By JOE MENDEN - Independent Record - 01/16/08

When Rachel Carlyle-Gauthier discovered a year and a half ago that her youngest child was gluten intolerant, keeping her healthy meant keeping wheat flour out of her home altogether.

But baking with gluten-free flours proved to be a big disappointment. Everything fell apart, and the quality was a far cry from what the Polson woman who attended the Bon Vivant Cooking School in Seattle was used to.

So Carlyle-Gauthier began experimenting with her own recipes and flours that she milled herself.

Her recipes were such a hit with her family and friends, she decided to start her own company.

The result of Carlyle-Gauthier’s work is the Gluten Free Mama line of flours she mills and packages from her home and a new cookbook, “Gluten Free Mama’s Best Baking Recipes,” which she co-wrote with Billie McCrea, also from Polson.

Carlyle-Gauthier will be at Van’s Thriftway in Helena Saturday to sign copies of her book and share samples of her recipes.

The flour line and book are both available at Van’s, and the book is also available at Montana Book Co.

“My neighbors really pushed me (to start the company)” Carlyle-Gauthier said. “I got a bug inside me, started researching it, and here I am.”

The book contains over 100 recipes, 20 pages of tips on gluten-free baking and an additional tip and Bible passage with every recipe.

She said she included the Bible passages because of how hard it can be to have a child with gluten allergies or intolerance.

Carlyle-Gauthier’s own daughter, she said, started screaming and never stopped. She threw up every meal. She would get open rashes just from touching food with wheat in it.
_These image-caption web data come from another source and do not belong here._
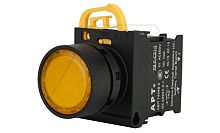 Кнопка плоская PB3E, желтая, с фиксацией, с подсветкой без LED, 1NO, 6A 230VAC/24VDC, 22mm, IP65 | код PB3E-FT1S10S00/Y00 | АРТ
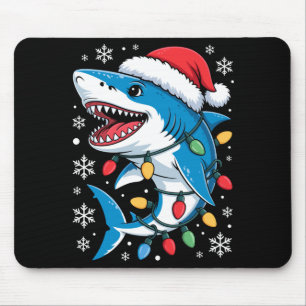 Christmas Shark Santa Hat Wrapped Lights Holiday S Mouse Pad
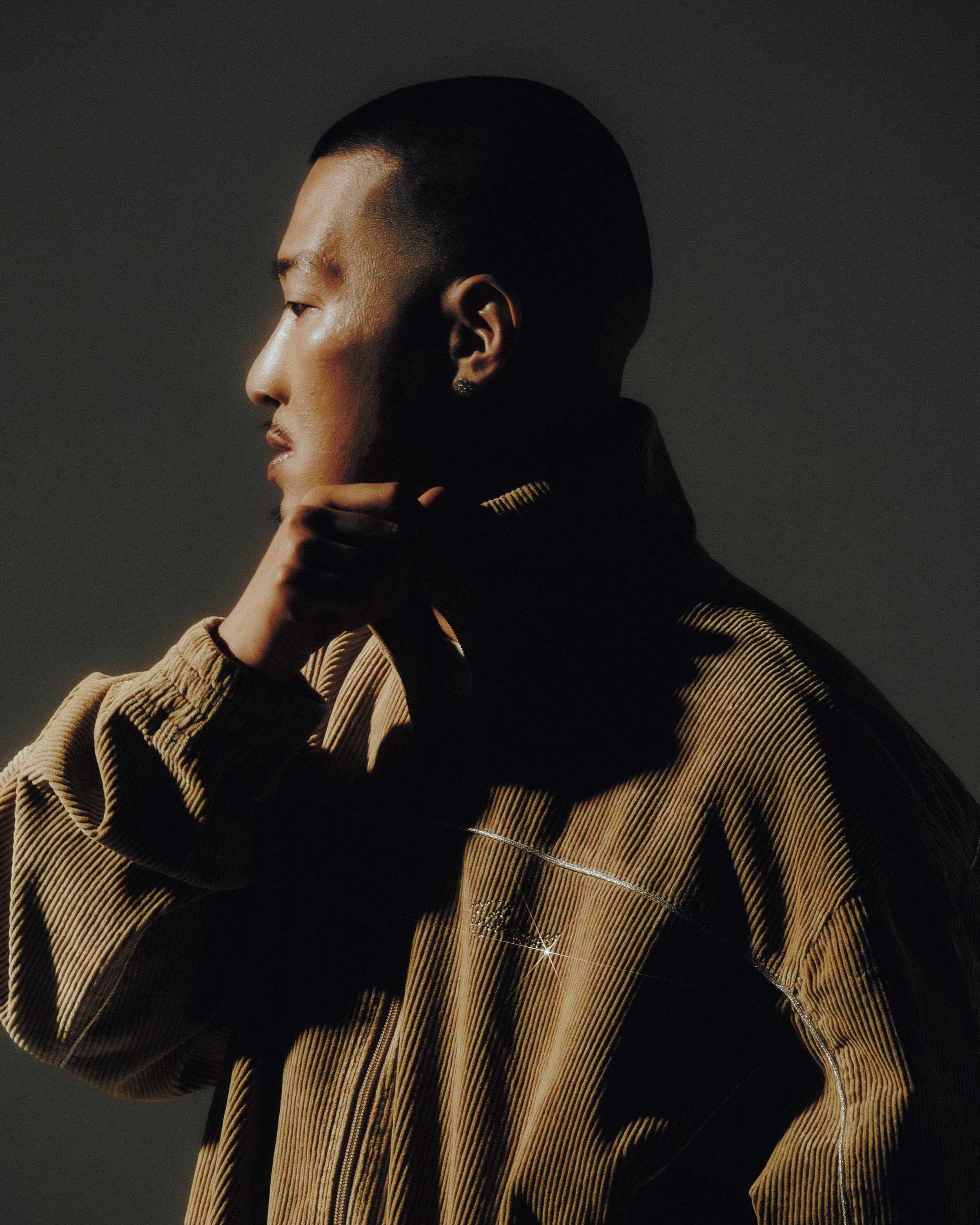 SCRIPT LOGO PIPING CORDUROY TRACK JACKET / BLACK ｜BREATH ブレス 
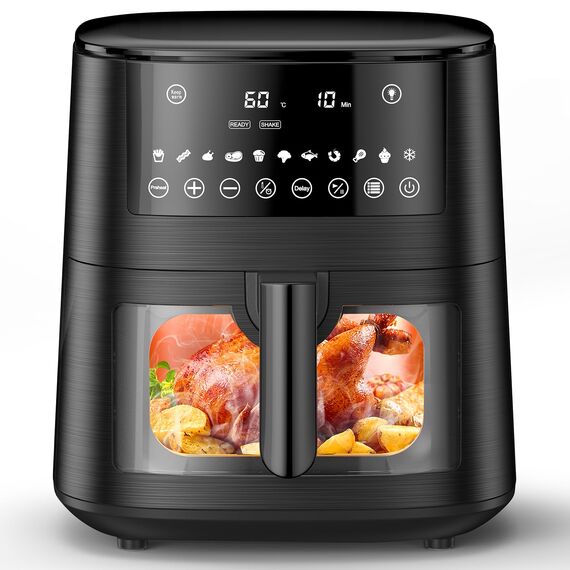Heißluftfritteuse Airfryer mit Sichtfenster 7,2L, 11-in-1 Air Fryer XXL mit Warm halten, Vorheizfunktion & Abtau, Shake-Reminder Smart und Timer-Funktion, Gesunde Friteuse ohne Öl und fettarmes Kochen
Carlyle-Gauthier went back and forth with doctors who said her daughter just had colic or reflux until she finally convinced an ER doctor to test her.

“This lifestyle can get you really down,” she said. “People don’t understand, You have days when nothing is turning out. You just get frustrated. If somebody opened a recipe, it might encourage them for the day.”
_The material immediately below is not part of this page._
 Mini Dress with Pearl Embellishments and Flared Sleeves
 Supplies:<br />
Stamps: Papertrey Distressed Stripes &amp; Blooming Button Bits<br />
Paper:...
Gluten Free Sweet Pepper Monterey Quiche


Ingredients:

Basic Quiche Crust

1 ½ cup Gluten Free Mama’s Almond Blend Flour

¼ teaspoon salt

½ teaspoon xanthan gum

½ cup butter, room temperature

2 tablespoons honey

1 egg, lightly beaten

2 Tbsp. water

Quiche Filling

½ cup each, red pepper, orange pepper, yellow pepper

1 tablespoons butter

4 eggs

¾ cup heavy cream

¾ cup milk

1/8 tsp. pepper

Pinch of salt

1/3 cup fresh cilantro, finely chopped

3 green onions, chopped

1 cup Monterey Jack Cheese or Monterey Cheese Blend

Directions: Preheat oven to 375 degrees.

Prepare crust by combining flour, salt, xanthan gum, honey, egg and water. Use a fork to combine. Once most of dry ingredients are mixed in, with lightly floured hands knead the rest of dry ingredients into dough ball until smooth. Roll dough just like you would a pie crust, between two pieces of wax paper that have been lightly sprayed with cooking spray. Peal back top piece of wax paper. Transfer dough by flipping out onto pie dish or quiche dish. Gently peel back wax paper. Trim edges of dough with a knife and make small repairs if necessary.
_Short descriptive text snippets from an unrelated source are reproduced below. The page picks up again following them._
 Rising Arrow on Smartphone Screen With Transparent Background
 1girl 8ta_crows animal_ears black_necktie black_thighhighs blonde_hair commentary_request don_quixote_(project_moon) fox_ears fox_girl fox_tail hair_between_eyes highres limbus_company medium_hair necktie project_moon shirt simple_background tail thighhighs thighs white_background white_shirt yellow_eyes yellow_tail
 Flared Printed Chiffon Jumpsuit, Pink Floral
Sauté peppers with butter until soft, about 4-5 minutes. Transfer to paper towel to cool. In a large bowl, whisk together eggs, cream, milk, pepper, and salt. Stir in cilantro, green onions, cheese and peppers. Pour into prepared quiche crust. Bake for 40-45 minutes or until center appears done. Cover edges with foil to prevent over browning. Let rest for 5 minutes before serving.

Note: Use this basic quiche crust for any quiche, pie, or savory tart recipe.